*** Block opens ***

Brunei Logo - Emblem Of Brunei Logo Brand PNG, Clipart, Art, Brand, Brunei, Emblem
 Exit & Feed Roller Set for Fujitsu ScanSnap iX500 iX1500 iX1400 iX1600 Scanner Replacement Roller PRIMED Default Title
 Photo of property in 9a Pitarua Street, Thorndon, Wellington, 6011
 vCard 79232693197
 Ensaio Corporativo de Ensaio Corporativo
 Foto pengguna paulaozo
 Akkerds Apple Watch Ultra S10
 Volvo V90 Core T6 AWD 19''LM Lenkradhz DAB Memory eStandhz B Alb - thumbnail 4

*** Block closes ***
*** Block opens ***

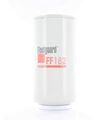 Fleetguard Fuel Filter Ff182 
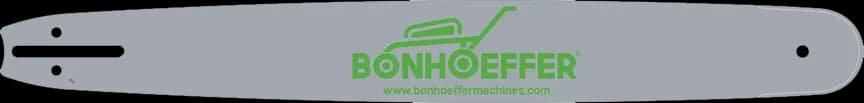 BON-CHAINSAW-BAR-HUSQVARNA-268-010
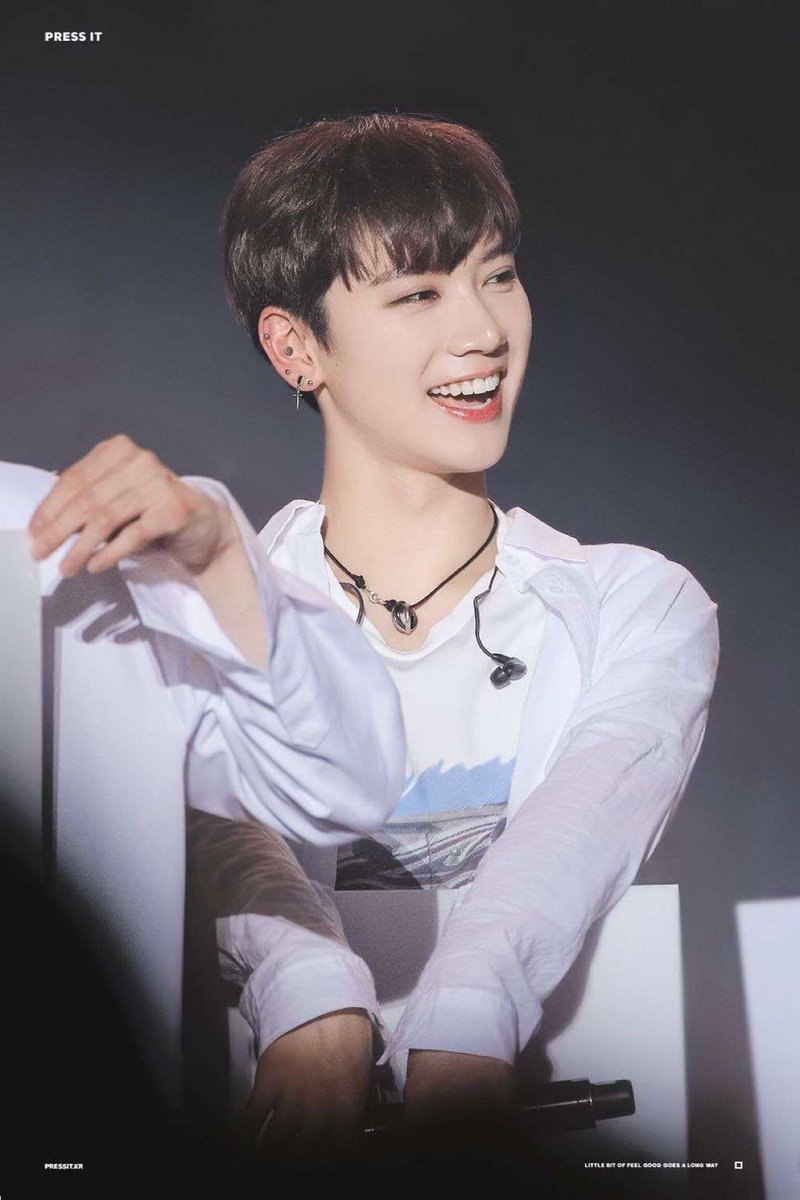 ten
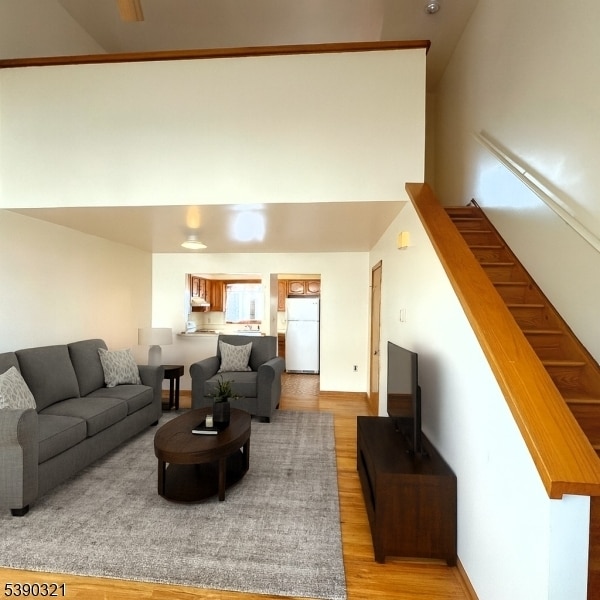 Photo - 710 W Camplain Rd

*** Block closes ***

◆ **What is expected**: Only the lines above starting with the line with "BON-CHAINSAW-BAR-HUSQVARNA-268-010" and going on through the line with "Photo - 710 W Camplain Rd" belong in the answer; repeat them exactly, minus any picture.

◆ **Written response**:
 BON-CHAINSAW-BAR-HUSQVARNA-268-010
 ten
 Photo - 710 W Camplain Rd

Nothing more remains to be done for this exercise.